Trump’s Path to Rate Cuts Likely Requires a Full Fed Board Overhaul, Economists Say
Firing Powell May Not Deliver the Cuts Trump Wants
President Donald Trump’s repeated public jabs at Federal Reserve Chair Jerome Powell have reignited speculation that the White House may seek to oust the central bank chief. But according to a growing number of economists, even a successful attempt to remove Powell wouldn’t be sufficient to steer monetary policy in the president’s preferred direction—namely, toward lower interest rates.
Dual Role, Limited Leverage
Jerome Powell currently holds dual roles as Chair of both the Fed Board of Governors and the Federal Open Market Committee (FOMC), the body responsible for setting interest rates. But experts warn that simply replacing Powell may do little to reshape the direction of U.S. monetary policy unless the entire structure of Fed leadership is revamped.
Paul Ashworth, chief North America economist at Capital Economics, explained that while firing Powell might be politically symbolic, it wouldn’t necessarily translate into policy changes. “In all likelihood, however, firing Powell would just be the first step in dismantling the Fed’s independence,” Ashworth noted in a recent client briefing. He added that a full board shake-up would be required to effect meaningful change—an aggressive move that could rattle markets, pressure the dollar, and push long-term rates higher.

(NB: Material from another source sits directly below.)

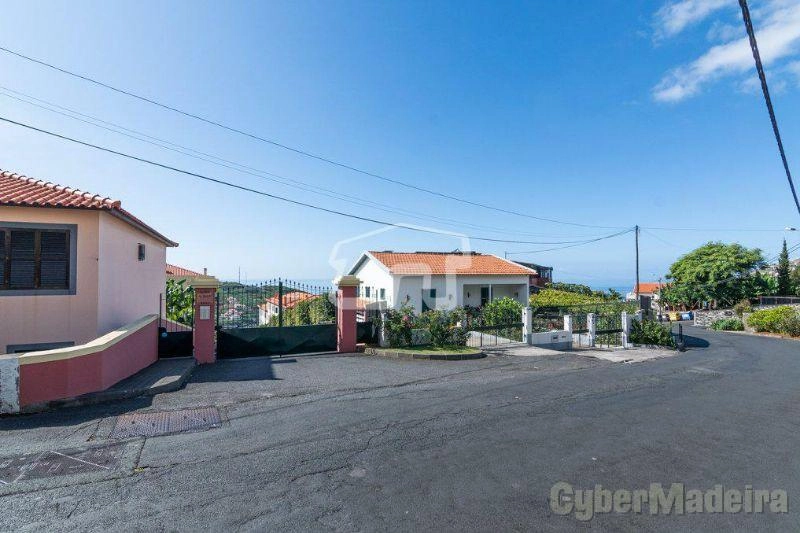 Apartamento T2 para Venda Câmara de Lobos, Lagar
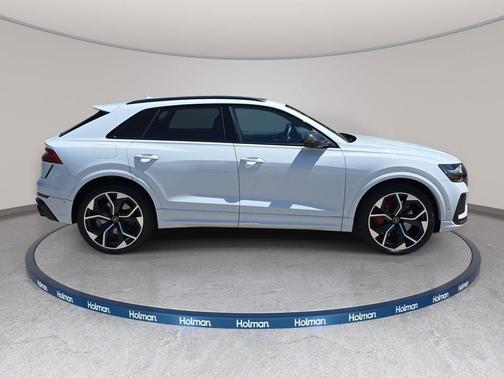 White 2024 Audi RS Q8 4.0T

Power at the Fed Isn’t Dictated—It’s Shared
There’s also a procedural complexity. While the President appoints members of the Board of Governors, the FOMC is a collective decision-making body, and its chair is often selected by consensus rather than dictated by title alone. This means that even if Trump were to replace Powell, other committee members might resist aligning monetary policy with political preferences.
Michael Feroli, chief U.S. economist at JPMorgan, pointed out that much of the Fed Chair’s influence stems from institutional tradition rather than legal mechanics. “Most of the power of the leadership stems from the historical deference,” he wrote, highlighting how the Fed’s authority is based on precedent and credibility rather than rigid command.

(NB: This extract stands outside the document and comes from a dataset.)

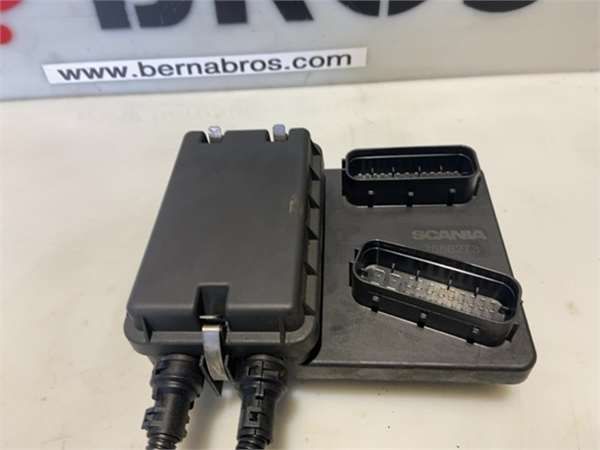 CAJA FUSIBLES/RELE 2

Pushback Within the Fed Could Stall Any Shift
Peter Sidorov of Deutsche Bank emphasized that a unilateral move to install a more compliant leader could backfire. “Monetary policy actions are taken by majority vote,” Sidorov explained. “Removing Powell could lead to increased pushback from other members against pressure on the Fed to deliver easier policy.”
Trump’s criticisms have intensified in recent days, including a social media post labeling Powell “a major loser,” triggering market volatility. The White House’s economic advisor Kevin Hassett confirmed last week that options for removing the Fed chair were actively being discussed, though the legal standing remains murky.
Legal Barriers and a Watchful Supreme Court
Powell’s current term as Fed Chair ends next year, and he has previously stated his belief that a president cannot legally remove him mid-term. A pending Supreme Court case on presidential authority over federal board members may eventually clarify the legal boundaries.
Markets Are Already Feeling the Pressure
Meanwhile, markets are reacting with visible unease. U.S. equities, bonds, and the dollar have all shown signs of stress amid the uncertainty, with investors increasingly concerned about both policy direction and institutional stability.
Feroli warned that undermining the Fed’s autonomy could accelerate inflation risks, especially in a climate already pressured by tariffs and elevated expectations. “It has been hoped that these adverse consequences would dissuade the president from threatening Fed independence,” he said. “Though so far, the president has often followed through on his intentions.”